--- MATERIAL FOR THIS EXERCISE Enclosed Below ---

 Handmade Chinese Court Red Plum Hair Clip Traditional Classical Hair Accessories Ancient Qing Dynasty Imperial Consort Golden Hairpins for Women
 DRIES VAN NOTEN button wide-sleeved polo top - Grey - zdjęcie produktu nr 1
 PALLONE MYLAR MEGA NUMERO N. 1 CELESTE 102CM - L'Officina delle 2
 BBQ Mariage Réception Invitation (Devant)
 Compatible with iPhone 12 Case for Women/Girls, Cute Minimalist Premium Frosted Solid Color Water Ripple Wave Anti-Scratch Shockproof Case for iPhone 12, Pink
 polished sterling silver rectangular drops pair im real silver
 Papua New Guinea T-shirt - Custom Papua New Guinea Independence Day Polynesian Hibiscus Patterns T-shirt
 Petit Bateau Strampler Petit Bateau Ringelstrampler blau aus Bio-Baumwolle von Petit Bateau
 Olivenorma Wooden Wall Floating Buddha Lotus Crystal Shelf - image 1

--- End of Enclosed MATERIAL FOR THIS EXERCISE ---

Copy out the whole listing exactly; please set it all down.

▸ **RESPONSE TO THE TASK**:
 Handmade Chinese Court Red Plum Hair Clip Traditional Classical Hair Accessories Ancient Qing Dynasty Imperial Consort Golden Hairpins for Women
 DRIES VAN NOTEN button wide-sleeved polo top - Grey - zdjęcie produktu nr 1
 PALLONE MYLAR MEGA NUMERO N. 1 CELESTE 102CM - L'Officina delle 2
 BBQ Mariage Réception Invitation (Devant)
 Compatible with iPhone 12 Case for Women/Girls, Cute Minimalist Premium Frosted Solid Color Water Ripple Wave Anti-Scratch Shockproof Case for iPhone 12, Pink
 polished sterling silver rectangular drops pair im real silver
 Papua New Guinea T-shirt - Custom Papua New Guinea Independence Day Polynesian Hibiscus Patterns T-shirt
 Petit Bateau Strampler Petit Bateau Ringelstrampler blau aus Bio-Baumwolle von Petit Bateau
 Olivenorma Wooden Wall Floating Buddha Lotus Crystal Shelf - image 1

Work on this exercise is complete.